Observability and Telemetry
April 21, 2026 · View on GitHub
This document describes the observability architecture implemented in ToolHive for monitoring MCP (Model Context Protocol) server interactions. ToolHive provides OpenTelemetry-based instrumentation with support for distributed tracing, metrics collection, and structured logging.
This document is intended for developers working on ToolHive.
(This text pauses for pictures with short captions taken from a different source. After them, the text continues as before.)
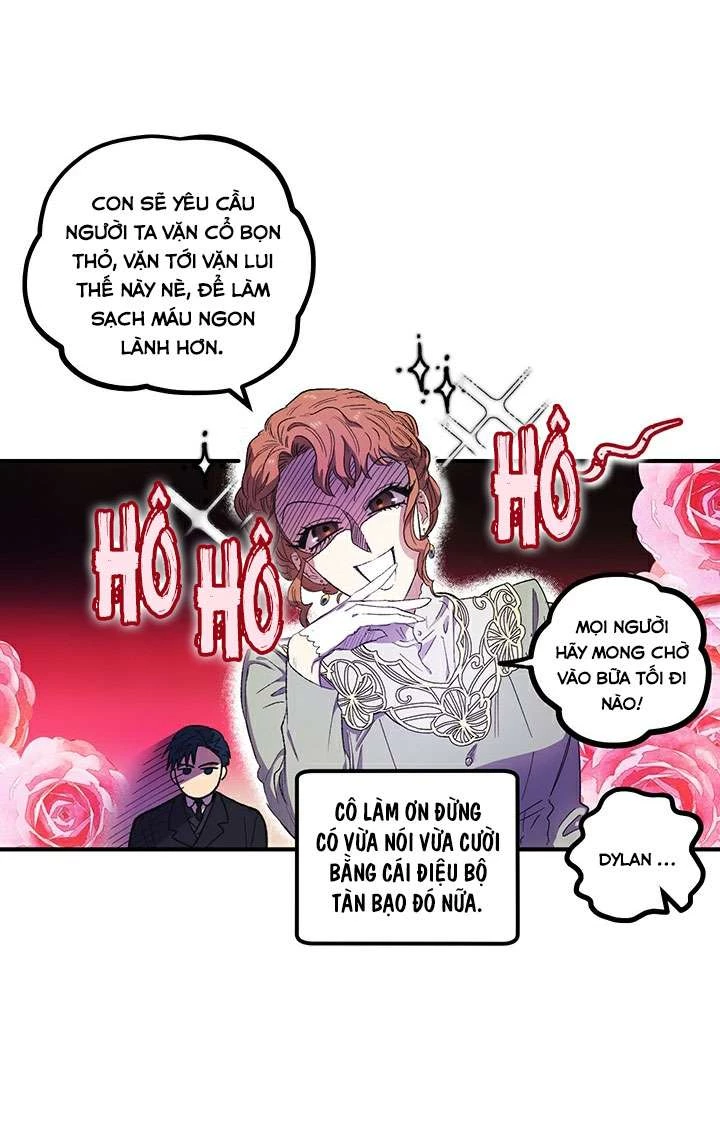 May Mắn Hay Bất Hạnh Chapter 2 - 24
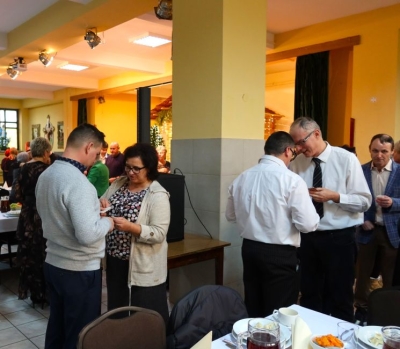 Spotkanie Wigilijne 2025 79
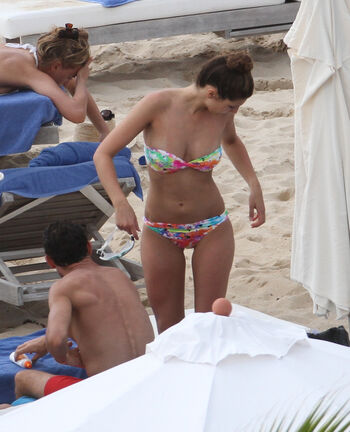 Laury thilleman page leaked private photo uncensored HD quality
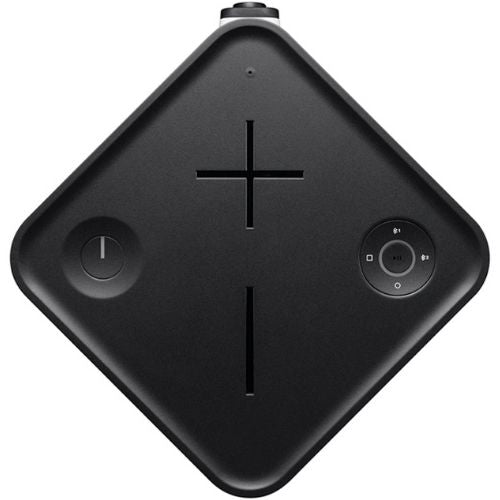 Ultimate Ears Hyperboom Wireless Bluetooth Speaker Spill Splash Proof - Black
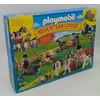 PLAYMOBIL 4167, Box, Freistehend, Mehrfarbig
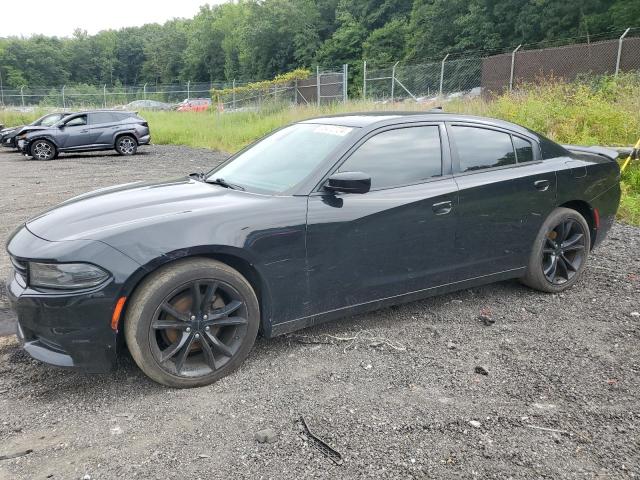 DODGE CHARGER 2016 2c3cdxhg2gh143411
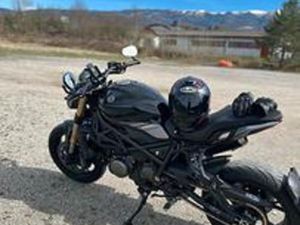 BENELLI 752 S - 2020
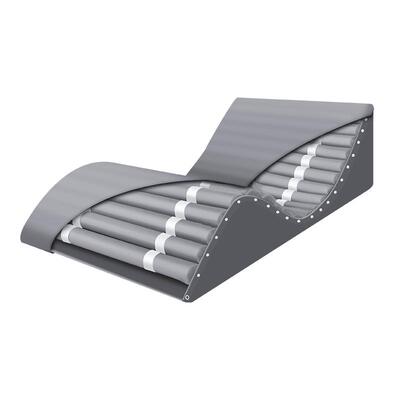 顾高双泵快充老人起背翻身褥疮垫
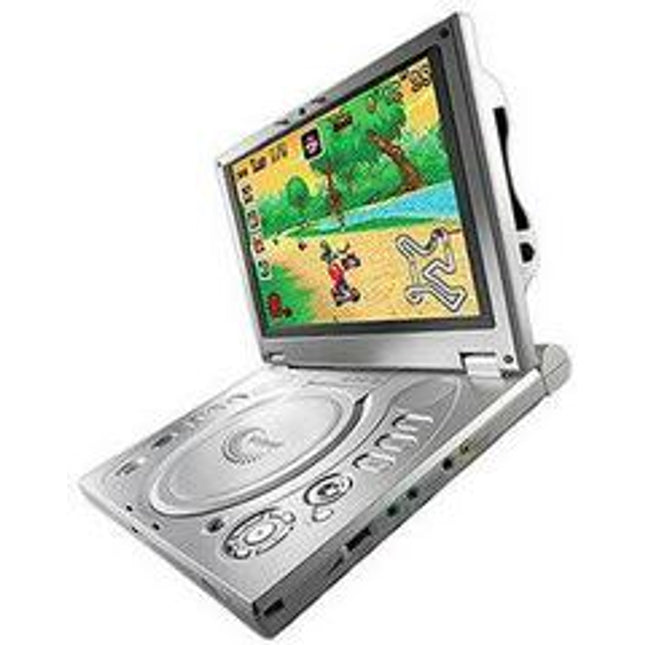 Visteon Gameboy Advance Console - GameBoy Advance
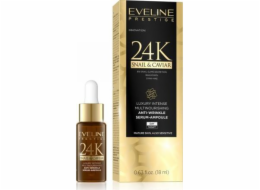 Eveline Eveline Multi-výživné sérum Snail Caviar Prestige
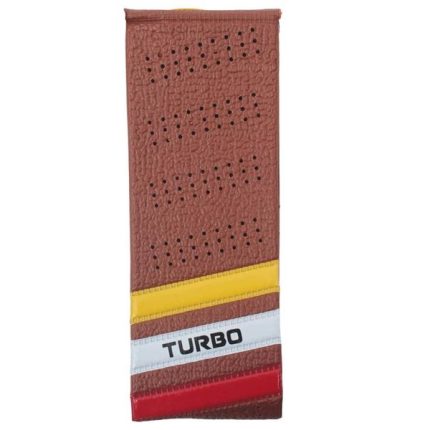 Steering Wheel Cover Brown Turbo 2.5mm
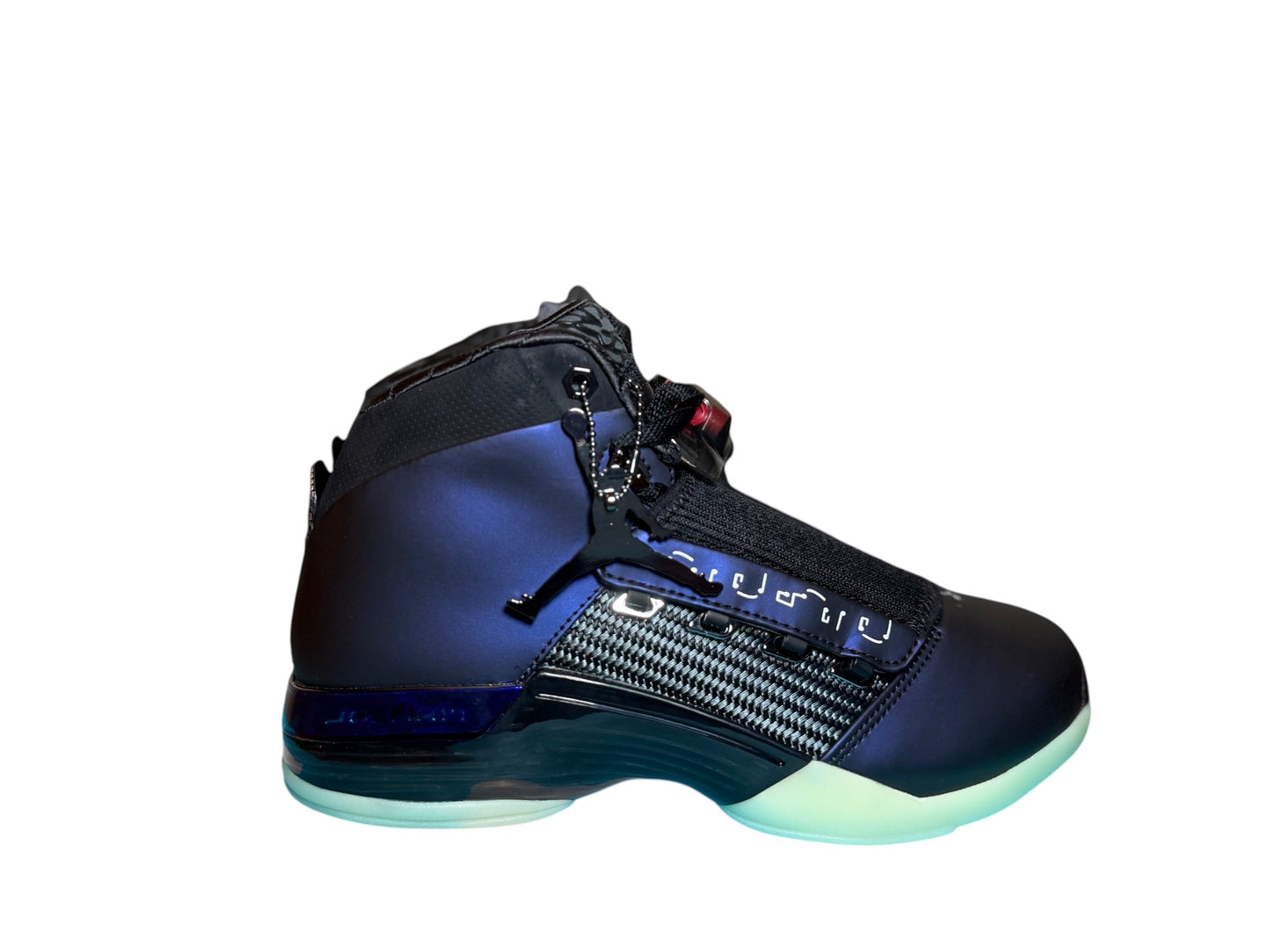 Air Jordan 17 Retro Low 'Doernbecher' 2026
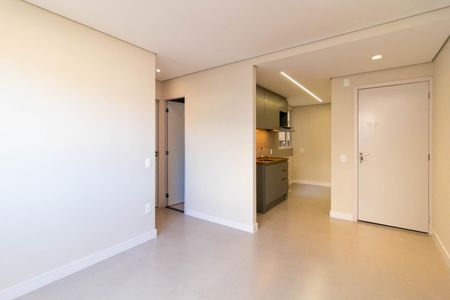 Sala de apartamento para alugar com 2 quartos, 45m² em Santa Tereza, Porto Alegre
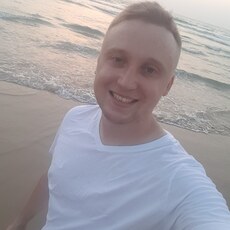 Фотография мужчины Dima, 33 года из г. Тель-Авив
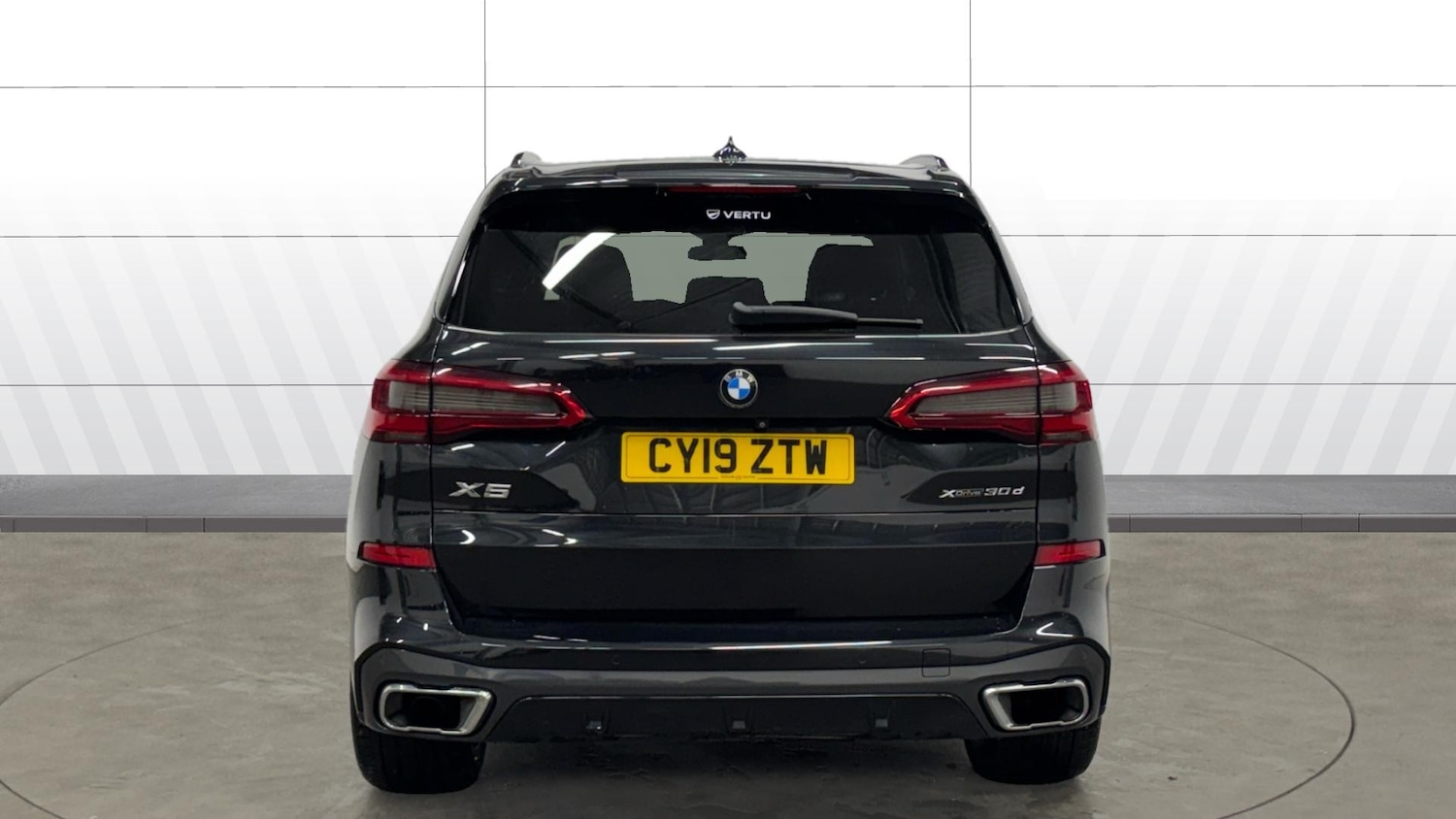 Used BMW X5 2019 for sale - 76682241: Photo 6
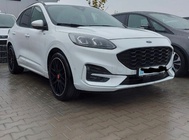 Ford Kuga 2020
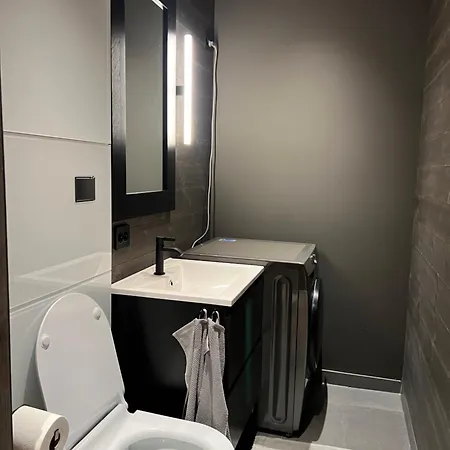 Apartment Riddertunets Eksklusive *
For user guides on setting up and using these features, see the ToolHive documentation:
- Observability overview, including trace structure and example metrics
- CLI guide, including how to enable and configure telemetry and send to common backends
For migrating from legacy attribute names to the new OTEL MCP semantic conventions, see the Telemetry Migration Guide.
Overview
ToolHive's observability stack provides complete visibility into MCP proxy operations through:
- Distributed tracing: Track requests across the proxy-container boundary with OpenTelemetry traces
- Metrics collection: Monitor performance, usage patterns, and error rates with Prometheus and OTLP metrics
- Structured logging: Capture detailed audit events for compliance and debugging
- Protocol-aware instrumentation: MCP-specific insights beyond generic HTTP metrics
See the original design document for more details on the design and goals of this observability architecture.
Architecture
graph TD
A[MCP Client] --> B[ToolHive Proxy Runner]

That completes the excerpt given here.